→ Records provided
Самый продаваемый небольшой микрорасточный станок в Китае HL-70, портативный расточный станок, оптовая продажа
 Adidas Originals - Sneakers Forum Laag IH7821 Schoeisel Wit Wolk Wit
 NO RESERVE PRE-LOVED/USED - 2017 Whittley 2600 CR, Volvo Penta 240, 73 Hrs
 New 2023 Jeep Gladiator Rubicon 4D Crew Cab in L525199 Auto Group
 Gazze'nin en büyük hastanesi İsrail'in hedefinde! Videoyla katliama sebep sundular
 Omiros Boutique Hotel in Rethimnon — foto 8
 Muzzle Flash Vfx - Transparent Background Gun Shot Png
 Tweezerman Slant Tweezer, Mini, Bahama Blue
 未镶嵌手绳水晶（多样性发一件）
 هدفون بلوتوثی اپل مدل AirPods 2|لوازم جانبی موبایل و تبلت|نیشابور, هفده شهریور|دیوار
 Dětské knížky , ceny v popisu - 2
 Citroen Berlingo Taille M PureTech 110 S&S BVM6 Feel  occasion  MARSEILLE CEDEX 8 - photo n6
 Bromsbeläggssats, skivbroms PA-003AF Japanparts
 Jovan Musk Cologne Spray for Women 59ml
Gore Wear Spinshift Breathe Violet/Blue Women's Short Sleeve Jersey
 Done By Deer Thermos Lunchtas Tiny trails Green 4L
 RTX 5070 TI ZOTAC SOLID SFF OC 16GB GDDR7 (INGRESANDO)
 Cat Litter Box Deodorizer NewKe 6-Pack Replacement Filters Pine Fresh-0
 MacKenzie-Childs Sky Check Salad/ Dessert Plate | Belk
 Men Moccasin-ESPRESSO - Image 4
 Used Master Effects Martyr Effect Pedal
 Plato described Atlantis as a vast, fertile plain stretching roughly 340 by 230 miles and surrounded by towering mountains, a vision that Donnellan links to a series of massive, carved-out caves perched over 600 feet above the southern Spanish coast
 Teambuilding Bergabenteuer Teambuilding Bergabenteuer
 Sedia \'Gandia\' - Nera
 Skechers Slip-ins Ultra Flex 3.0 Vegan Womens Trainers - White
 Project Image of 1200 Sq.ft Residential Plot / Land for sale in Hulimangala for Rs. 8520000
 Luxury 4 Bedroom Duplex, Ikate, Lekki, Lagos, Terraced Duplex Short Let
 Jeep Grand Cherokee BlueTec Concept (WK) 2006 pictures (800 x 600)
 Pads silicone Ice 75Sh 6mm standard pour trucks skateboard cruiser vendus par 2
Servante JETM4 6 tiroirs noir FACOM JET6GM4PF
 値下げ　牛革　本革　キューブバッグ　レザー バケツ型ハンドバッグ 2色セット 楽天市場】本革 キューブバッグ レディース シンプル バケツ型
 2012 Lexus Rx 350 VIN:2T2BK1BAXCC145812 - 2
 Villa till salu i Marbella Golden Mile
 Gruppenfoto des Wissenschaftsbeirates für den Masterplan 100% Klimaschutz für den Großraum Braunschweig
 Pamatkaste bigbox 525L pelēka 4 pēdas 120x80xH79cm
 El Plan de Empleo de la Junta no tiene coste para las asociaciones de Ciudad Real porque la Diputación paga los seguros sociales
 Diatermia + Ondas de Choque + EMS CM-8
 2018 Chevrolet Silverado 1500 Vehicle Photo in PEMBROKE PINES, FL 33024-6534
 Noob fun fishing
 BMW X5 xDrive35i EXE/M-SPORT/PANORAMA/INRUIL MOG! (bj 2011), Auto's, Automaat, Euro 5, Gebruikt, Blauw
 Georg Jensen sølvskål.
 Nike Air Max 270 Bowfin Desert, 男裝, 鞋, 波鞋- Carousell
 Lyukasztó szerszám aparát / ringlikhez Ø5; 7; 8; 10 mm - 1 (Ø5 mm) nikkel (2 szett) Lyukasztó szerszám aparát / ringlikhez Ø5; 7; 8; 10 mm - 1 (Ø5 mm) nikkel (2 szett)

→ Problem to solve
A single number is the whole answer here: how many lines of the material include "Auto" as a word or string?

→ Solution to this task
2